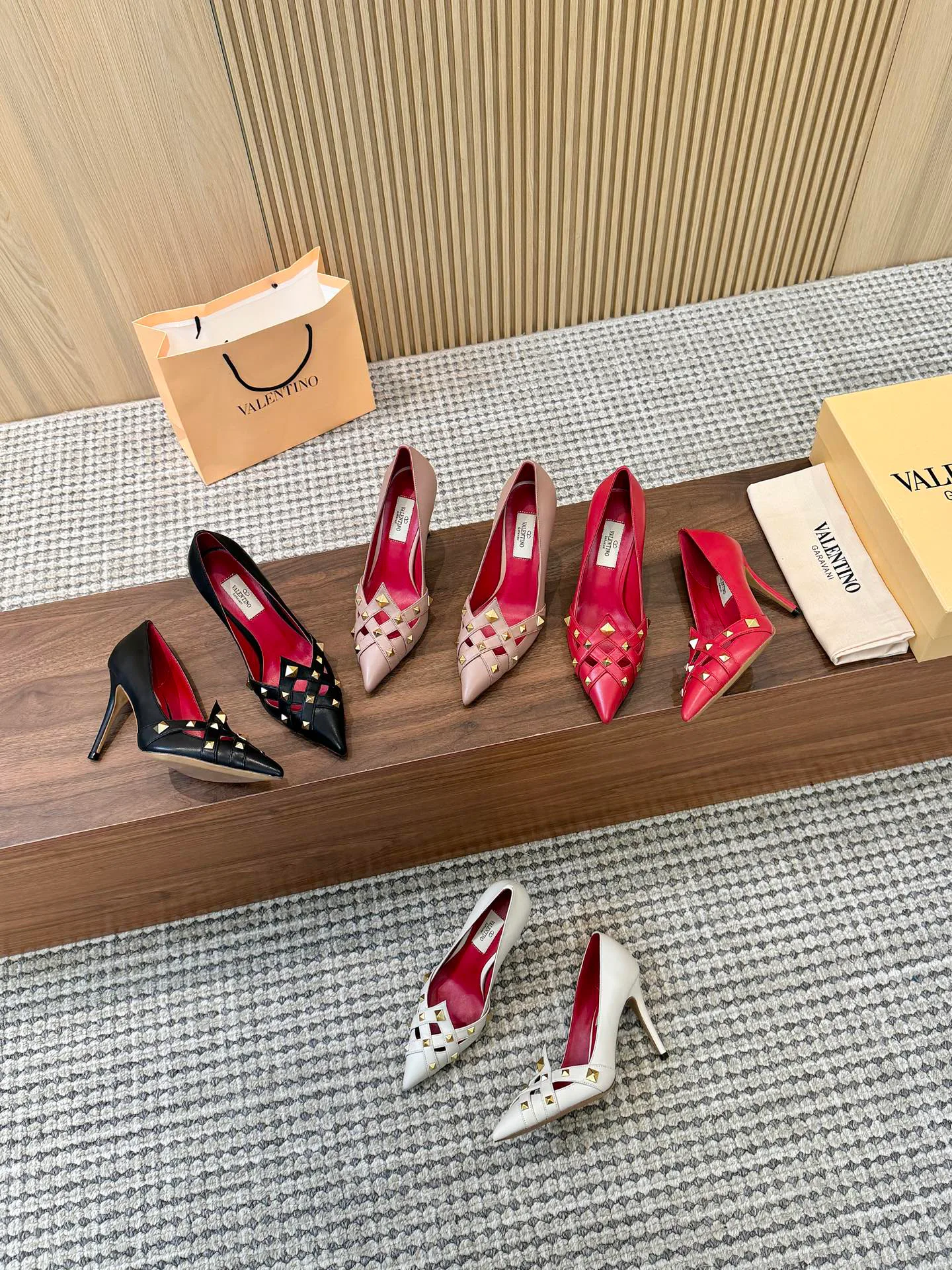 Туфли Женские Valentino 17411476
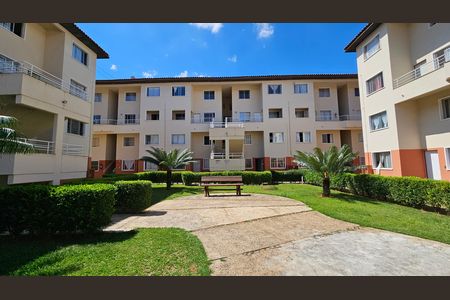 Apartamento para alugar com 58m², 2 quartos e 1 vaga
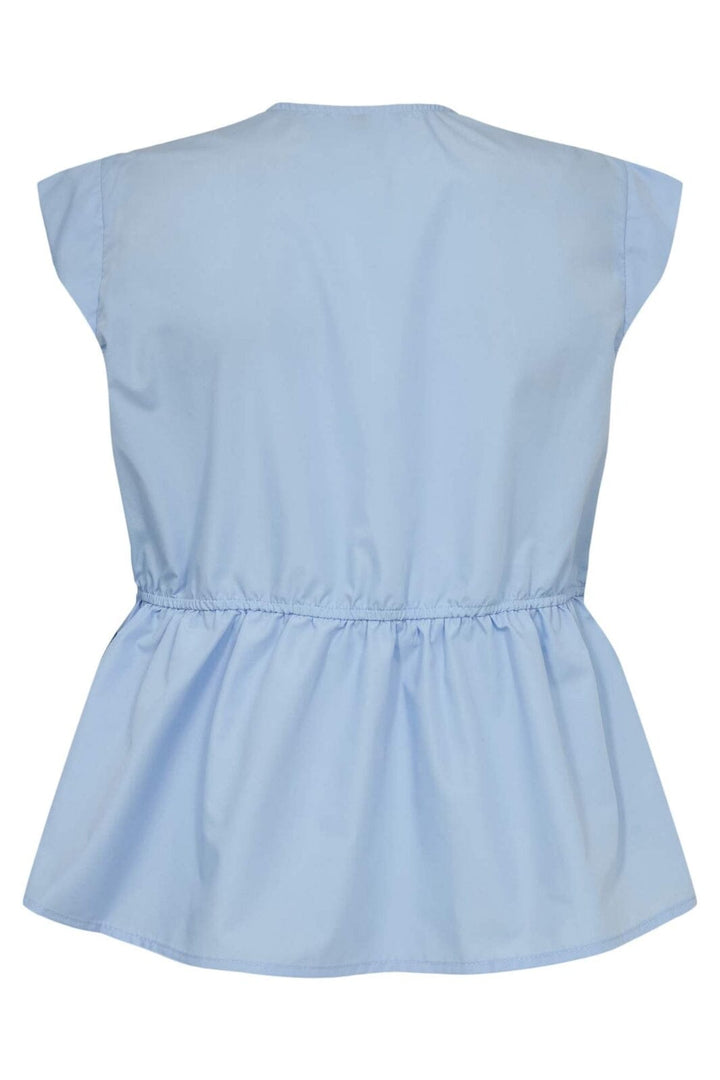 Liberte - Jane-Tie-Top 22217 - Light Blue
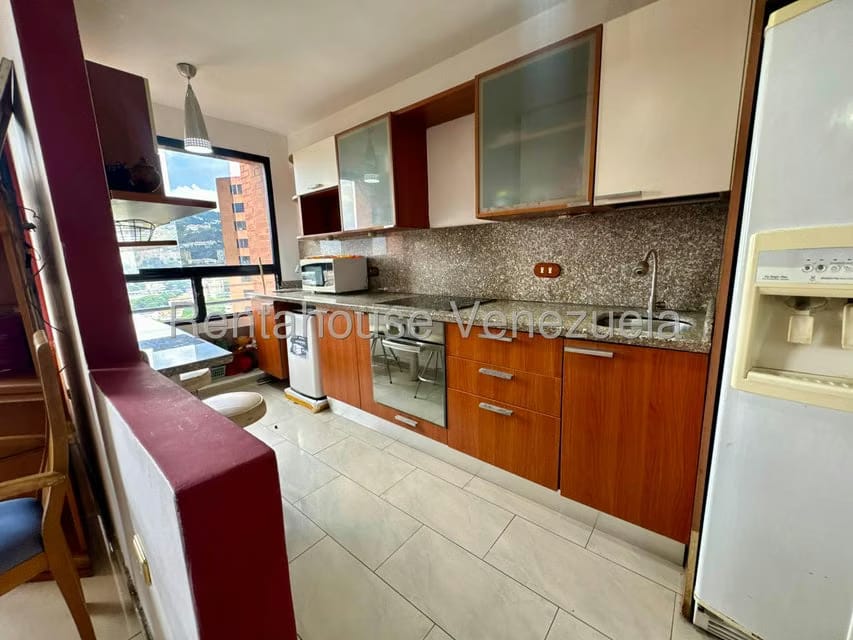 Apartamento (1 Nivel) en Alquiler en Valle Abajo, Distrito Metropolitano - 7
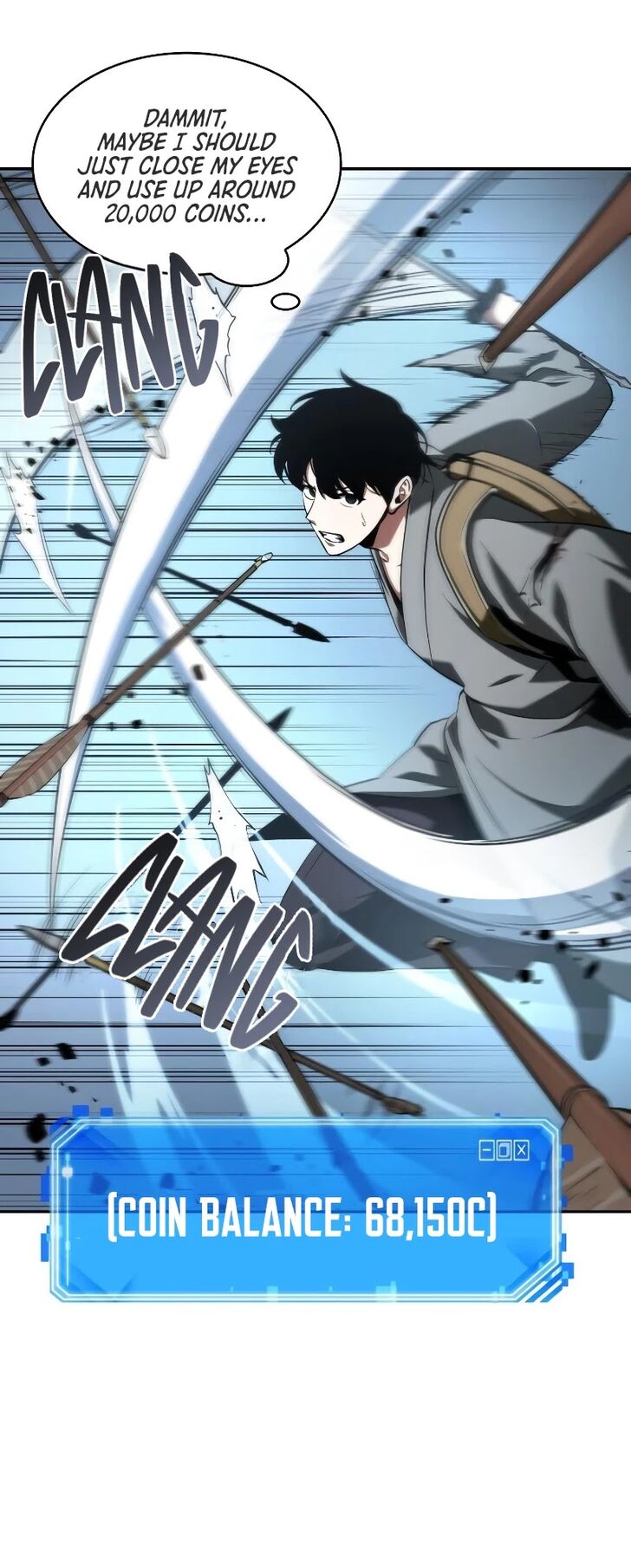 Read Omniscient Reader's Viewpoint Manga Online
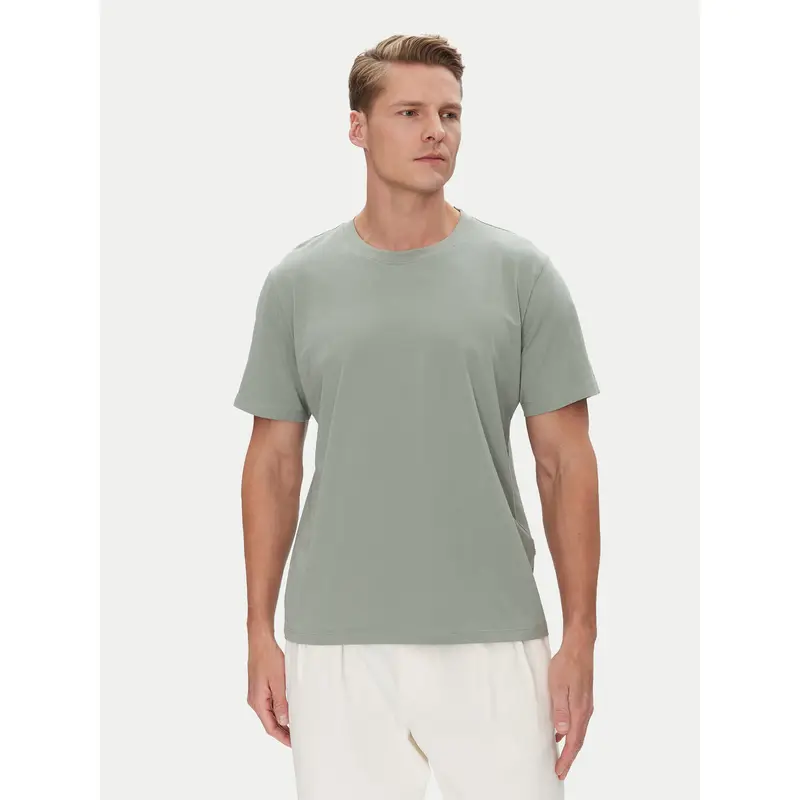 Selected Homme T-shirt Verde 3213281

### Work required
Where the line containing "Apartamento para alugar" appears above, start there and set down each line exactly through the last line of the data; leave out every picture.

### Answer box
 Apartamento para alugar com 58m², 2 quartos e 1 vaga
 Liberte - Jane-Tie-Top 22217 - Light Blue
 Apartamento (1 Nivel) en Alquiler en Valle Abajo, Distrito Metropolitano - 7
 Read Omniscient Reader's Viewpoint Manga Online
 Selected Homme T-shirt Verde 3213281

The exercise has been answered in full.